Auch das US-Militär hat längst verstanden, dass Virtual Reality entscheidend dazu beitragen kann, Trainingsmaßnahmen weniger abstrakt zu gestalten. Mit dem Project X von der DARPA sollen solche neuen Wege die Kriegsausübung und -führung forcieren. VR soll digitale Schlachtfelder plastisch machen. Das US-Militär möchte offensiver in den Cyber-Krieg einsteigen und hat sich deshalb schon Oculus RIFT zu Experimentierzwecken besorgt.

Gegenüber Wired spricht Frank Pound, der Manager von Darpas Plan X-Programm davon, dass die Erfahrung des Internet-Raums wie „schwimmen" sei. Die zweidimensionale Weltsicht wird von einer Erfahrung abgelöst, in der die Cyberkrieger nach links und rechts blicken, um Informationen zu sichten und ihre Angriffe gezielt auszuführen. Mit dem Virtualizer könnten sie noch einen Schritt weiter gehen.

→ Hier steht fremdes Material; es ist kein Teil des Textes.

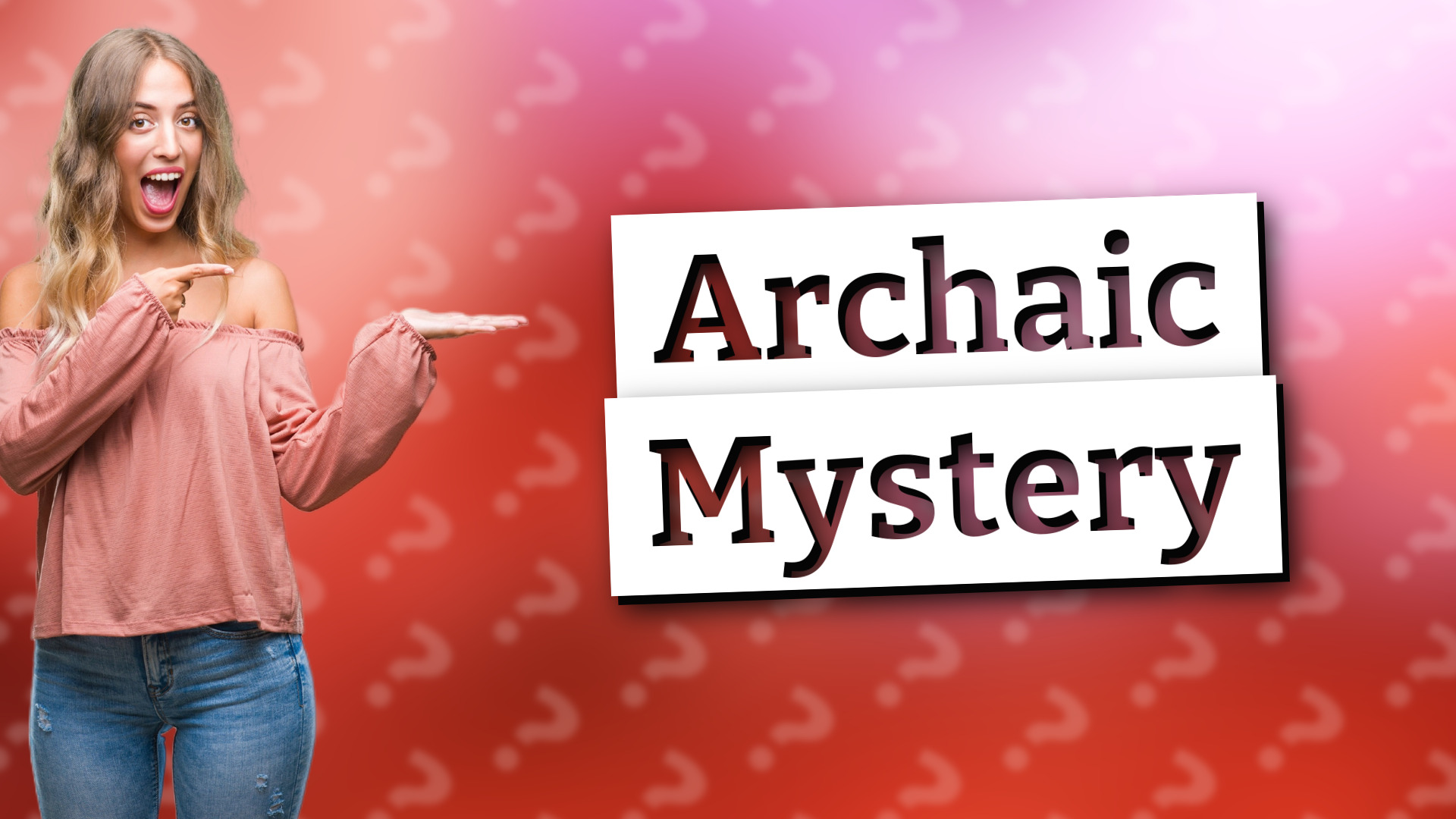 Archaic Mystery
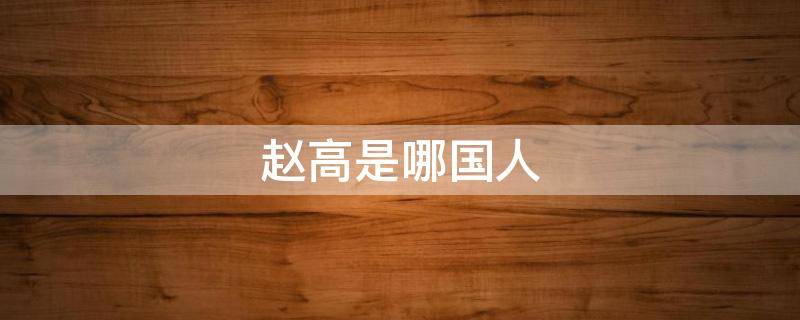 赵高是哪国人 赵高是何人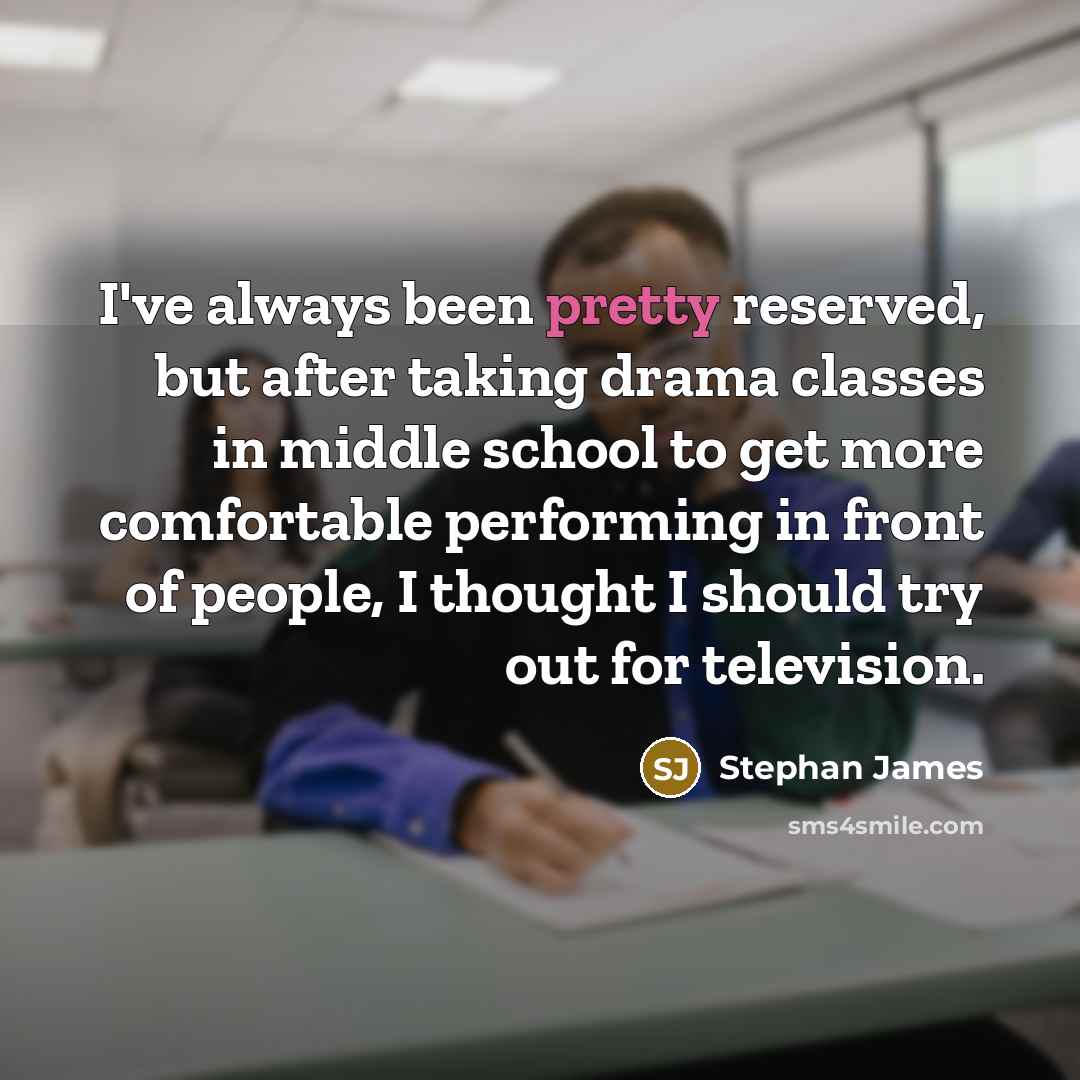 “I've always been pretty reserved, but after taking drama classes…” quote by Stephan James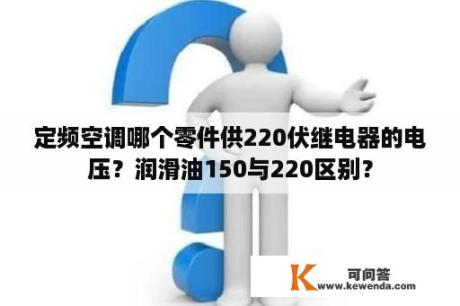 定频空调哪个零件供220伏继电器的电压？润滑油150与220区别？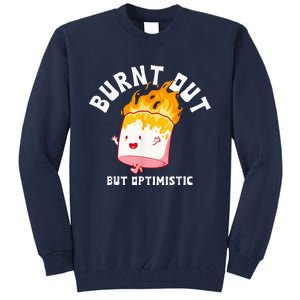 Burnt Out But Optimistics Funny Saying Humor Quote Tall Sweatshirt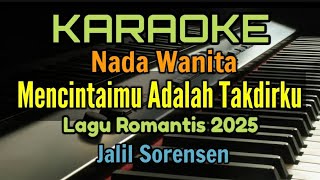 Download Lagu MENCINTAIMU ADALAH TAKDIRKU / KARAOKE NADA WANITA (Lagu Romantis 2025) MP3 Download Lagu MENCINTAIMU ADALAH TAKDIRKU / KARAOKE NADA WANITA (Lagu Romantis 2025) MP3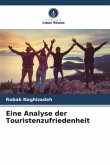 Eine Analyse der Touristenzufriedenheit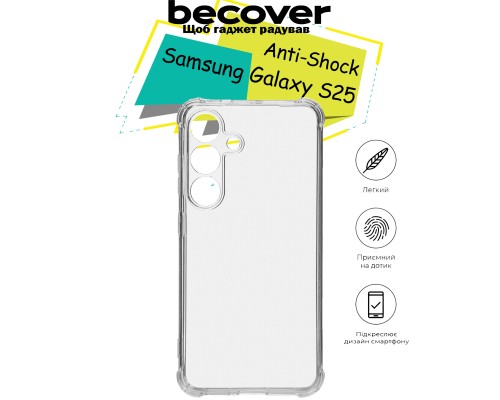 Чохол до мобільного телефона BeCover Anti-Shock Samsung Galaxy S25 SM-S931 Clear (713153)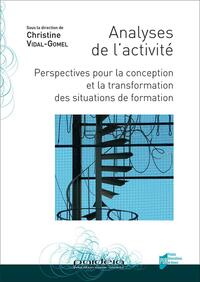 ANALYSES DE L'ACTIVITE - PERSPECTIVES POUR LA CONCEPTION ET LA TRANSFORMATION DES SITUATIONS DE FORM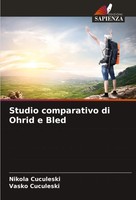 Studio Comparativo Di Ohrid E Bled Nikola Cuculeski (U. A.) Taschenbuch 2025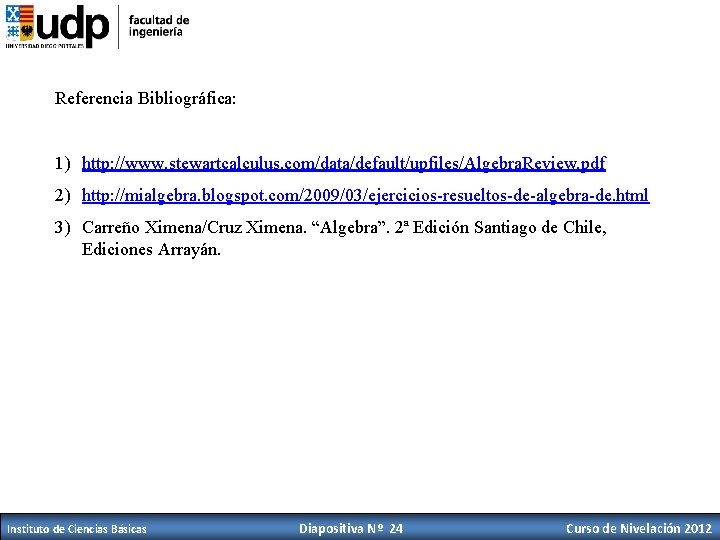 Referencia Bibliográfica: 1) http: //www. stewartcalculus. com/data/default/upfiles/Algebra. Review. pdf 2) http: //mialgebra. blogspot. com/2009/03/ejercicios-resueltos-de-algebra-de.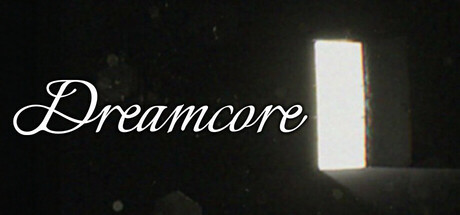 Игра Dreamcore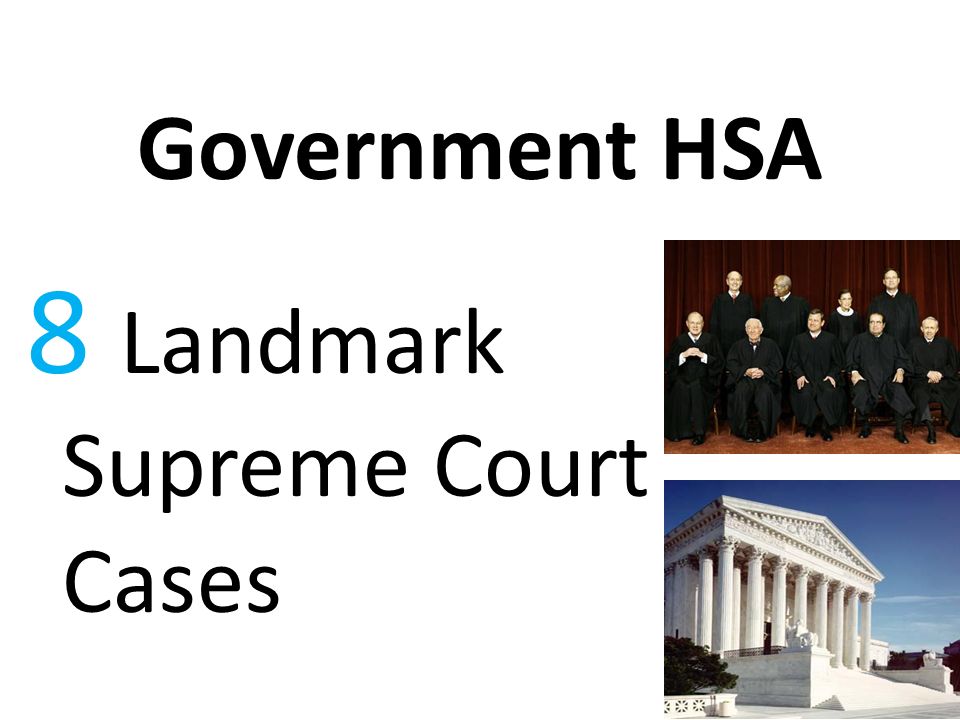 8 Landmark Supreme Court Cases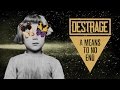 Capture de la vidéo Destrage - A Means To No End (Full Album)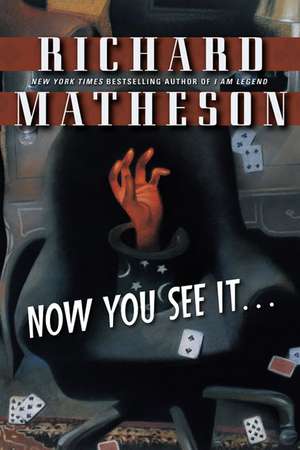 Now You See It . . . de Richard Matheson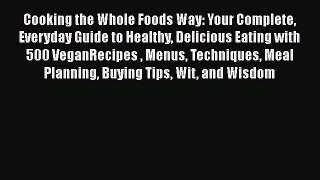 Cooking the Whole Foods Way: Your Complete Everyday Guide to Healthy Delicious Eating with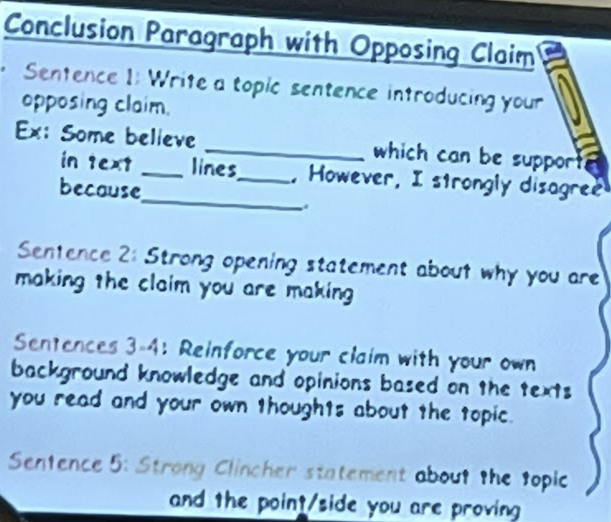  Conclusion Paragraph with Opposing Claim Sentence 1: Write a topic sentence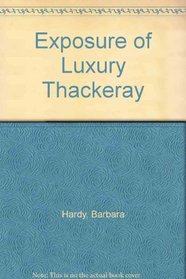 The exposure of luxury;: Radical themes in Thackeray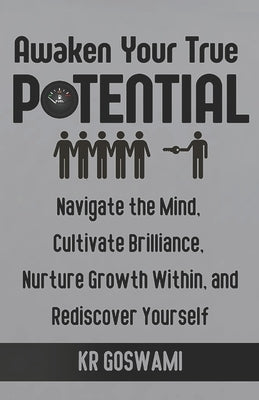 Awaken Your True Potential: Navigate the Mind, Cultivate Brilliance, Nurture Growth Within, and Rediscover Yourself by Goswami, Kr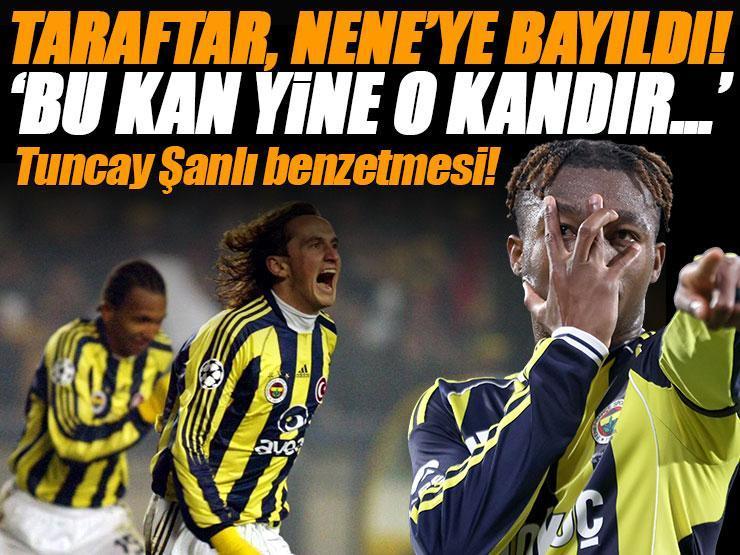 Fenerbahçeli taraftarlar Dorgeles Nene'ye bayıldı! 'Tuncay Şanlı geri döndü'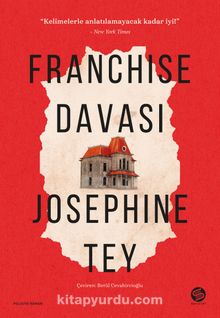 Franchise Davası - Josephine Tey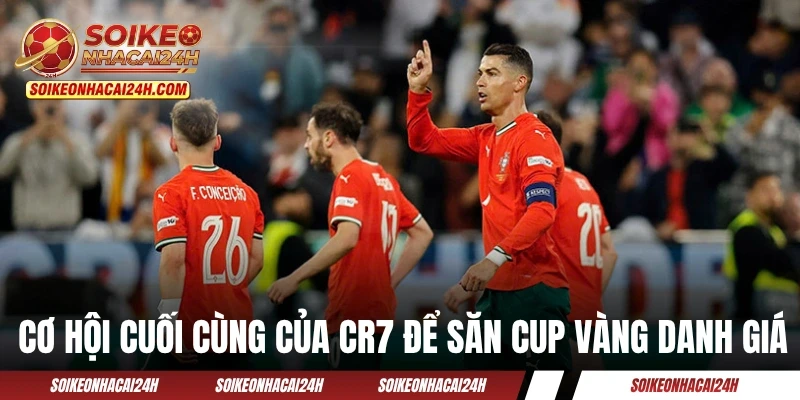 Đội Tuyển Bồ Đào Nha - Cơ Hội Cuối Để CR7 Chạm Tay Cúp Vàng? Cơ hội cuối cùng của CR7 để săn cup vàng danh giá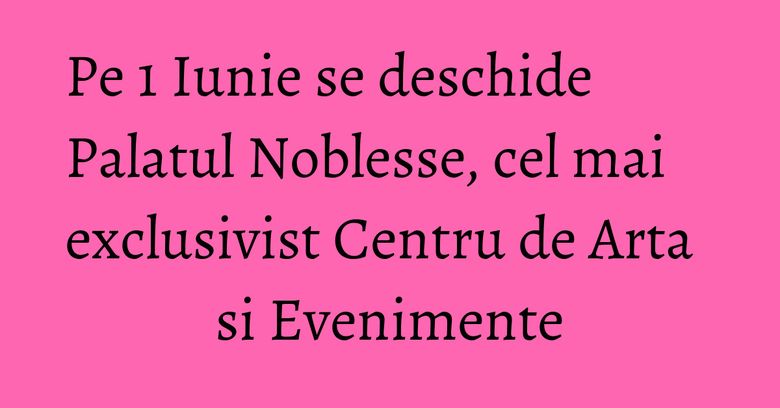 Pe 1 Iunie se deschide Palatul Noblesse, cel mai exclusivist Centru de Arta si Evenimente Pe 1 Iunie se deschide Palatul Noblesse, cel mai exclusivist Centru de Arta si Evenimente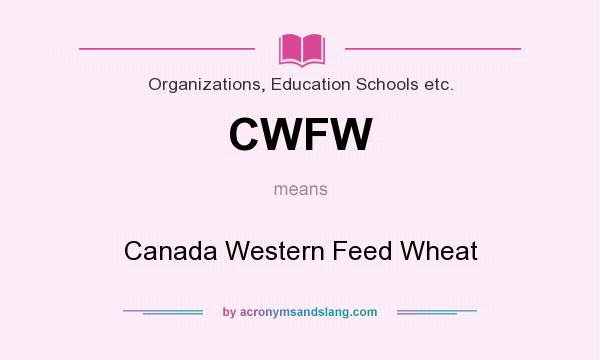 What does CWFW mean? It stands for Canada Western Feed Wheat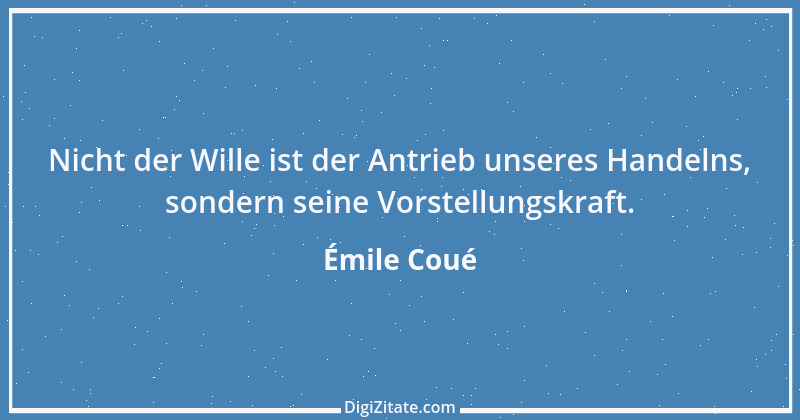 Zitat von Émile Coué 2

Was Computerspiele können, dass kann das Militär schon lange und das gilt auch für das Erleben eines virtuellen Raums: Bewegung in einer dreidimensionalen Welt schafft ein anderes Gefühl von Präsenz. Die Entkoppelung vom Alltag des US-Soldaten, der in einer verlassenen Kommandozentrale hinter seinem Bildschirm Angriffe ausführt, von der Welt des Leidens würde sich zumindest in der Simulation verändern. „Realität erhält einen virtuellen Charakter, wenn man bloß einen Knopf drücken muss, um irgendwelche weit entfernten Aktionen auszulösen", sagt Cakmak. „Der Virtualizer würde dieser Virtualität den fehlenden Realitätsgrad zurückgeben.

Der gesteigerte Realismus würde sich sowohl auf das Training als auch die tatsächliche Kampfsituation positive auswirken. Je besser die VR Simulation, desto eher können emotionale Entscheidungen kontrolliert und trainiert werden." Der Krieg auf Distanz würde zu einem Krieg der simulierten Nähe werden. Und die Bewegung durch die Tiefen des Cyberspace wird zu einem Spaziergang auf Socken.